Deregulate So Prices Can Go Up

AT&T and VZ have been fighting regulation since the TA96 act, but since 2005 have peppered the FCC with Forbearance petitions. While K-Mart complains about the fact that cable rates have risen sharply in the last 5-10 years, the FCC Commish is blind to the rising prices from the RBOC's.

Cable rates have gone up mainly due to an increase in the number of channels carried as well as the cost of that content. AT&T and VZ now understand that the content is the expensive piece. Disney, TW, and Hollywood still want to make millions per episode. ESPN/Disney pays about $1B per year for the NFL. NBC paid the cast of Friends $1M per episode. Consumers and the distribution system have to pay for those rates.

It's funny that AT&T and VZ don't mind paying to carry the NFL Network, but get very upset about having to carry Google. Google is to the internet what the NFL is to cable -- without it 50% of the folks would not pay you for the pipe.

In today's USA Today, Leslie Cauley has an article about the steep rise in rates for unregulated phone services, like Caller ID and call forwarding. Considering that the COG (cost of goods) for these services is ZERO, you would think the RBOC's would stop trying to bleed the consumer dry. And let's not forget that while you pay $10 for Caller ID on that landline, AT&T provides Caller ID and Voicemail FREE on your cell phone. Go figure, right?
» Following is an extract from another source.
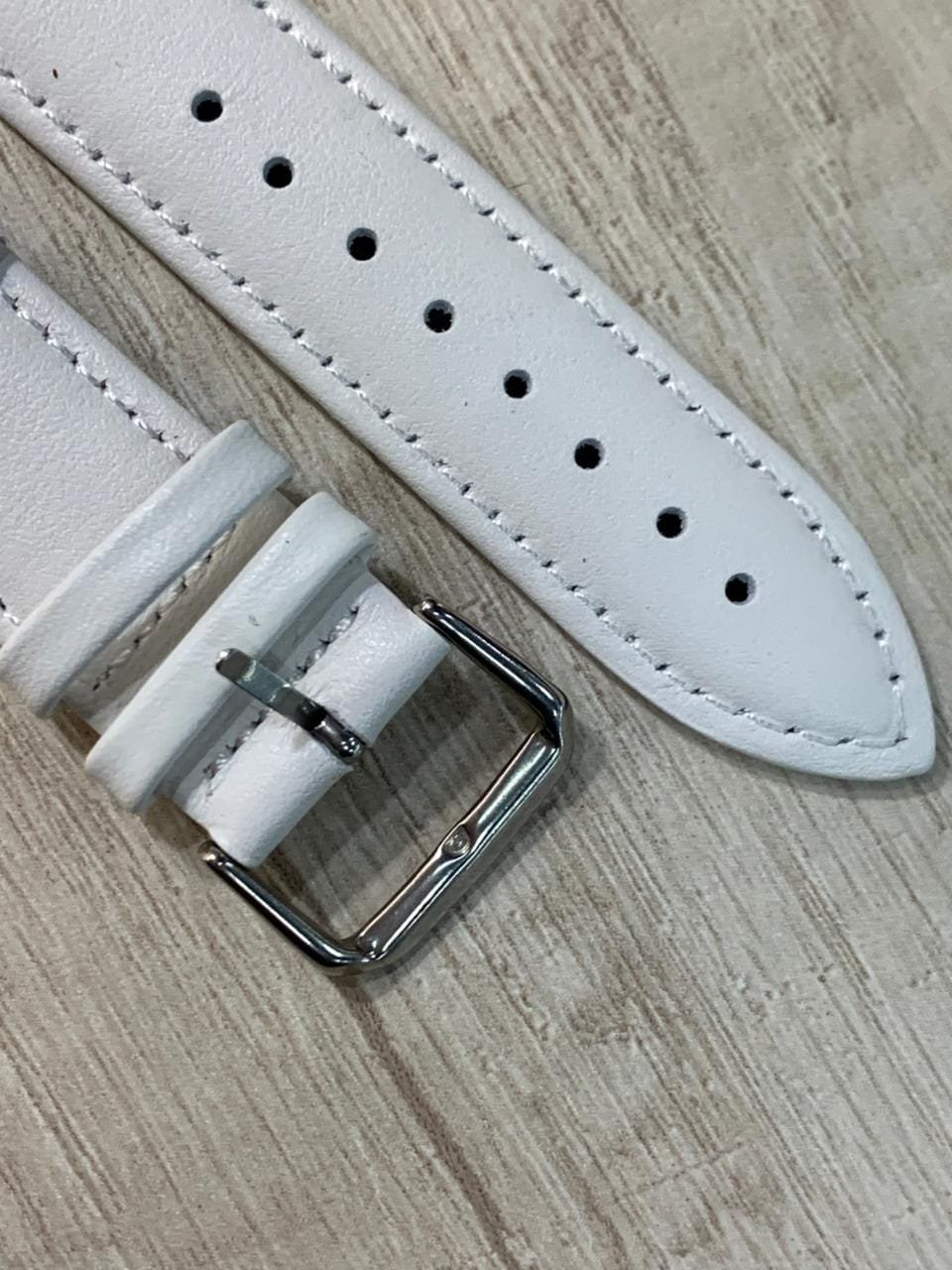 WhatsApp Image 2026-04-13 at 15.17.08 Correa de cuero nagata spain blanca 22 mm - Imagen 2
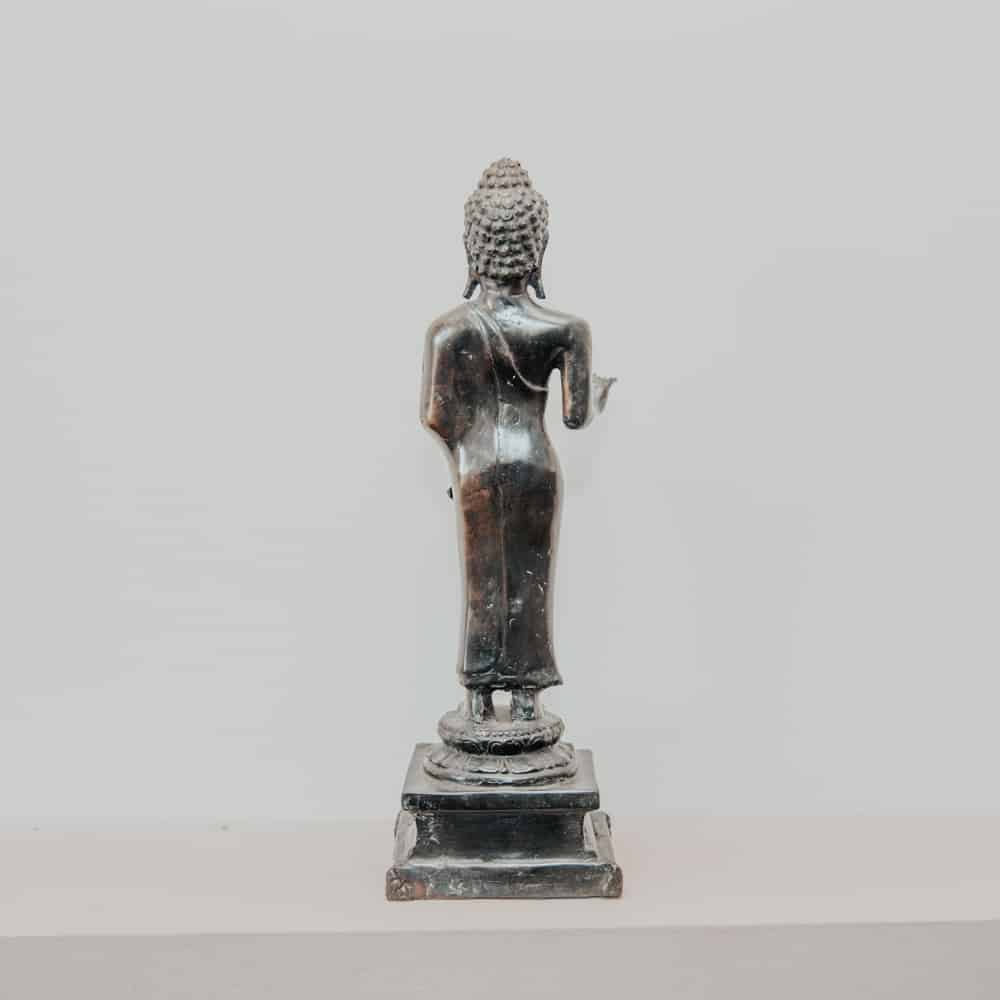 statuette statue bouddha debout finition marron foncé antique en bronze 33cm grossiste statue en bronze décoration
Rate hikes while the economy is slipping is probably not the best move for a company already pulling Business Week points out that Ma and Pa Bell and rolling out U-Verse and FiOS at a chancy economic time. Ma Bell has already made a statement about the economy affecting its revenues. AT&T made $30.3B in the fourth quarter. $30B! That's $10B per quarter. But they need to nickel and dime everyone to increase that, especially if some folks are going to be poor credit risks.